1

I have a system where a cron job is used to drive a manage.py command every minute.

The trouble is, the job can sometimes take longer than a minute, and it's not safe for two instances of the command to run at once.

Is there a good way to make the command detect if another instance of itself is already running and exit early? Is there a better way to achieve the same end?

ctford
  • 7,189
  • 4
  • 34
  • 51
  • 1
    See [Python - Single instance of program](http://stackoverflow.com/questions/380870/python-single-instance-of-program) – Lukas Graf Nov 12 '13 at 07:30

4 Answers4

1

You could also use e.g. django-cronjobs (disclaimer: not used it myself) to register a job. From the docs:

# myapp/cron.py
import cronjobs

@cronjobs.register
def periodic_task():
    pass

And then use:

$ ./manage.py cron periodic_task

What's more: django-cronjob even, by default, makes sure only one copy of a job runs at the same time.

Mark van Lent
  • 12,641
  • 4
  • 30
  • 52
0

What you could do is have the command create a file at the start of the command, before performing it's task (containing the pid of the job) and then clean up that file at the end of the command.

When the command is run, it should first check if that pidfile exists. If so it should not perform it's job.

So:

  1. Check if pidfile exists? If so exit.
  2. Create the pidfile
  3. Perform the job
  4. Clean up the pidfile

It's not perfect (e.g. if the command does not finish properly, the pidfile is not removed and the command never runs again), but it might be good enough for your situation.

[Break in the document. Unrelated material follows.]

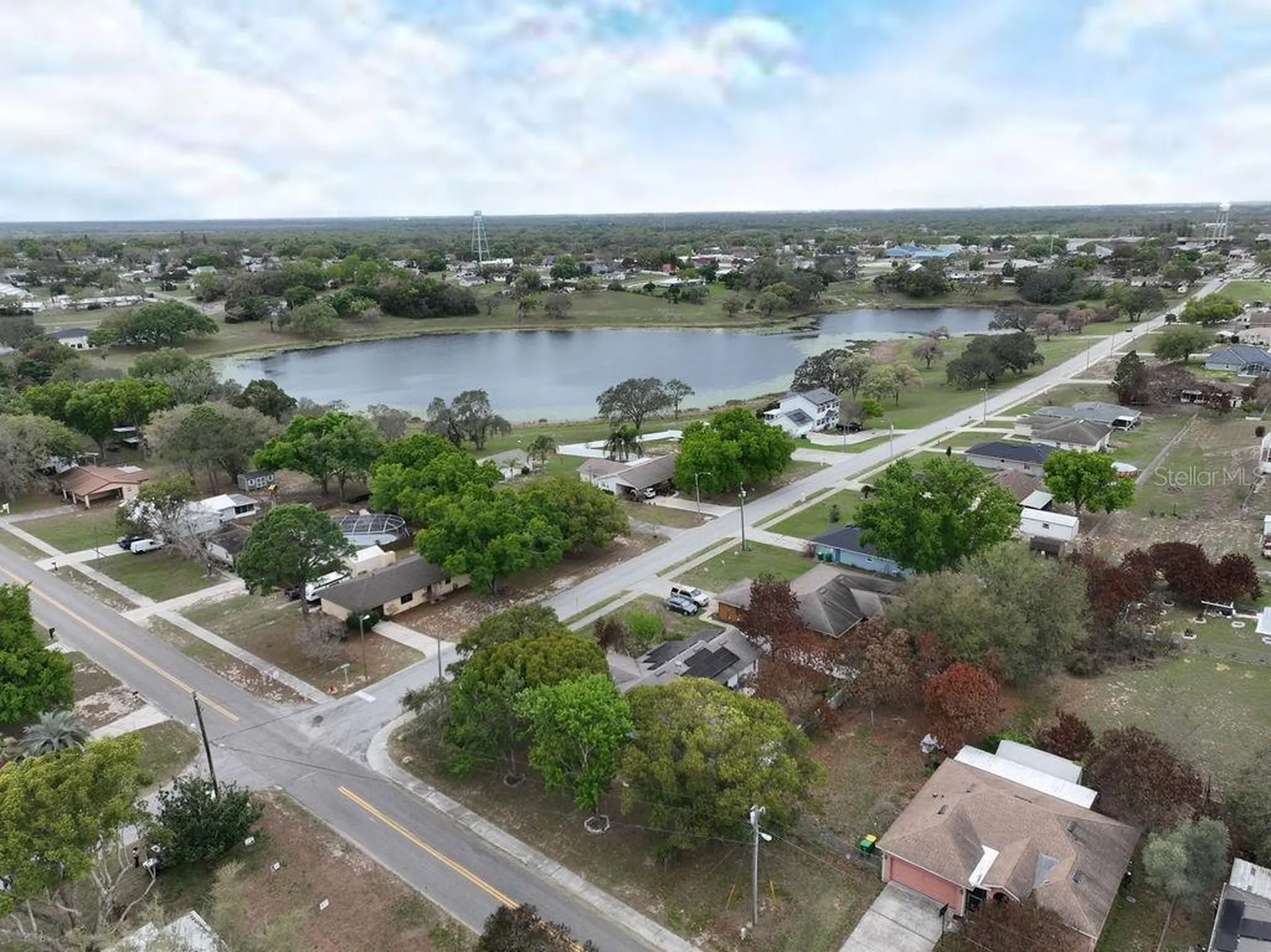 711 E Frederick Avenue Dundee FL 33838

Also see the question: What are pid and lock files for?

Community
  • 1
  • 1
Mark van Lent
  • 12,641
  • 4
  • 30
  • 52
0

You can use a cronjob library that takes care of locking jobs to prevent multiple executions - Preventing multiple executions

As an alternative you can use celerybeat instead of cron to control your jobs. Celerybeat comes with more overhead but if you already use celery as part of your application, this shouldn't be too hard. This lists some advantages to celerybeat What are the advantages of celerybeat over cron?

You have to persist state somewhere to indicate that a job is already running. The pid technique is fine but an alternative is to use a Semaphore by implementing it either at the cache level (Memcache/Redis) or directly in the database. This is especially useful when there might not be a consistent file system available to manage pid files. Eg. You are running your app on Heroku.

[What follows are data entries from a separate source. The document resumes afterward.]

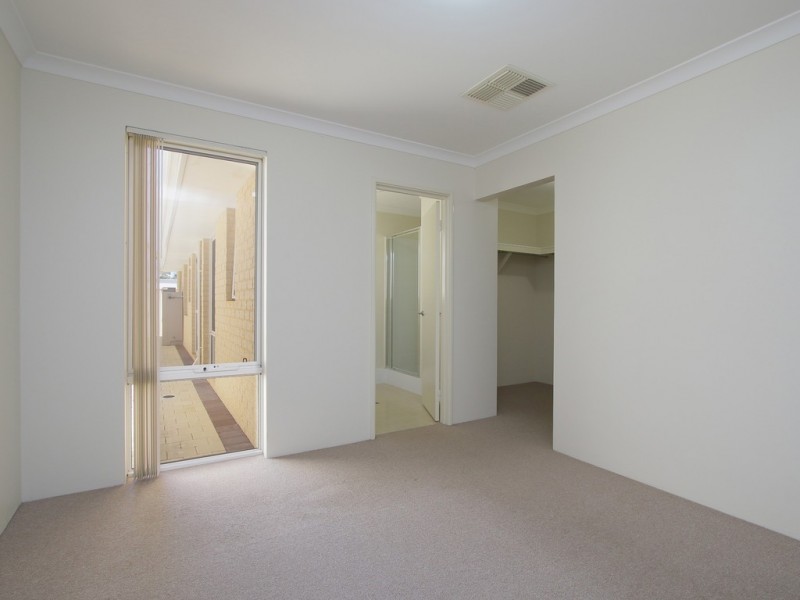 11/7 Leslie Street, Cannington WA 6107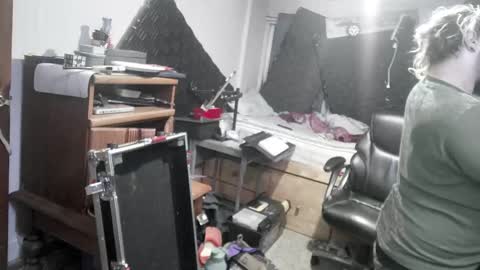 Snapshot of kinkybiguy14 chatting on September 2025 09:31:01 AM Kinky Cassie online show from September 2025 09:31:01 AM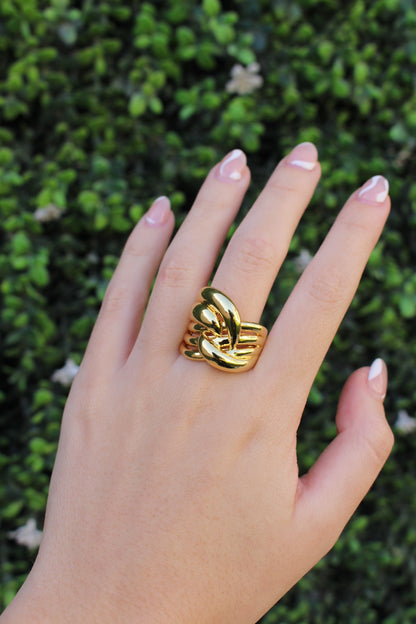 Anillo Dorado Líneas Cruzadas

Also ideally, try to make your cron jobs idempotent if you can i.e, even if the job runs multiple times in parallel, there are no side-effects to that.

Community
  • 1
  • 1
Pratik Mandrekar
  • 9,362
  • 4
  • 45
  • 65
0

I have been using lockfile for that matter, and it work quite well.

Basic usage:

from lockfile import FileLock, AlreadyLocked, LockTimeout
lock = FileLock(lock_name)
try:
    lock.acquire(LOCK_WAIT_TIMEOUT)
except AlreadyLocked:
    logging.debug("lock already in place. quitting.")
    return
except LockTimeout:
    logging.debug("waiting for the lock timed out. quitting.")
    return
logging.debug("acquired.")

# do stuff...

logging.debug("releasing lock...")
lock.release()
augustomen
  • 8,977
  • 3
  • 43
  • 63